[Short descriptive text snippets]
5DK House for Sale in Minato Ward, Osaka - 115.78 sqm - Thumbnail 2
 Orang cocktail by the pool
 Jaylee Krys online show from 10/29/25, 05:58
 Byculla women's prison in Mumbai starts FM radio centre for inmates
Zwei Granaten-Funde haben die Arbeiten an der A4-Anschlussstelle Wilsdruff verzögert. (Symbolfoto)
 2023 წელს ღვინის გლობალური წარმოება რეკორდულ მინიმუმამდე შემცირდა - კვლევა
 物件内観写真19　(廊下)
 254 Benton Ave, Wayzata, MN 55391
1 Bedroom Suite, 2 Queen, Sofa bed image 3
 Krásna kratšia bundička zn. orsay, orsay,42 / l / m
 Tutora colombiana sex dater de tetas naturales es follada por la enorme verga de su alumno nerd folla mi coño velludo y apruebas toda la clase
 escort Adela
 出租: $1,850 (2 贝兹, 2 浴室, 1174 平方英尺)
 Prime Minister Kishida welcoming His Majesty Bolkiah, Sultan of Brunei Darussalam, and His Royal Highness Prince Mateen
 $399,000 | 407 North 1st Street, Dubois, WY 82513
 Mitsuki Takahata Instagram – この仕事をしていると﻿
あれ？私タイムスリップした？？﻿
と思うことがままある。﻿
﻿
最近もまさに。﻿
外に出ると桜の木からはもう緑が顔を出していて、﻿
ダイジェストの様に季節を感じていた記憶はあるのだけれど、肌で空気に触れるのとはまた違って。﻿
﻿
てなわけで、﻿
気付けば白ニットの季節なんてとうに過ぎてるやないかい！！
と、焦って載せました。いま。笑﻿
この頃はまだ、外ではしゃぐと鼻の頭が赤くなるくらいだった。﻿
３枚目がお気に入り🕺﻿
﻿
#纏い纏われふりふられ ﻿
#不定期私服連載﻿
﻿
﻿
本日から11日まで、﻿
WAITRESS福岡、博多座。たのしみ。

- **Work instructions**:
Print every record above. Keep each one exactly as it is.

- **Answer box**:
5DK House for Sale in Minato Ward, Osaka - 115.78 sqm - Thumbnail 2
 Orang cocktail by the pool
 Jaylee Krys online show from 10/29/25, 05:58
 Byculla women's prison in Mumbai starts FM radio centre for inmates
Zwei Granaten-Funde haben die Arbeiten an der A4-Anschlussstelle Wilsdruff verzögert. (Symbolfoto)
 2023 წელს ღვინის გლობალური წარმოება რეკორდულ მინიმუმამდე შემცირდა - კვლევა
 物件内観写真19　(廊下)
 254 Benton Ave, Wayzata, MN 55391
1 Bedroom Suite, 2 Queen, Sofa bed image 3
 Krásna kratšia bundička zn. orsay, orsay,42 / l / m
 Tutora colombiana sex dater de tetas naturales es follada por la enorme verga de su alumno nerd folla mi coño velludo y apruebas toda la clase
 escort Adela
 出租: $1,850 (2 贝兹, 2 浴室, 1174 平方英尺)
 Prime Minister Kishida welcoming His Majesty Bolkiah, Sultan of Brunei Darussalam, and His Royal Highness Prince Mateen
 $399,000 | 407 North 1st Street, Dubois, WY 82513
 Mitsuki Takahata Instagram – この仕事をしていると﻿
あれ？私タイムスリップした？？﻿
と思うことがままある。﻿
﻿
最近もまさに。﻿
外に出ると桜の木からはもう緑が顔を出していて、﻿
ダイジェストの様に季節を感じていた記憶はあるのだけれど、肌で空気に触れるのとはまた違って。﻿
﻿
てなわけで、﻿
気付けば白ニットの季節なんてとうに過ぎてるやないかい！！
と、焦って載せました。いま。笑﻿
この頃はまだ、外ではしゃぐと鼻の頭が赤くなるくらいだった。﻿
３枚目がお気に入り🕺﻿
﻿
#纏い纏われふりふられ ﻿
#不定期私服連載﻿
﻿
﻿
本日から11日まで、﻿
WAITRESS福岡、博多座。たのしみ。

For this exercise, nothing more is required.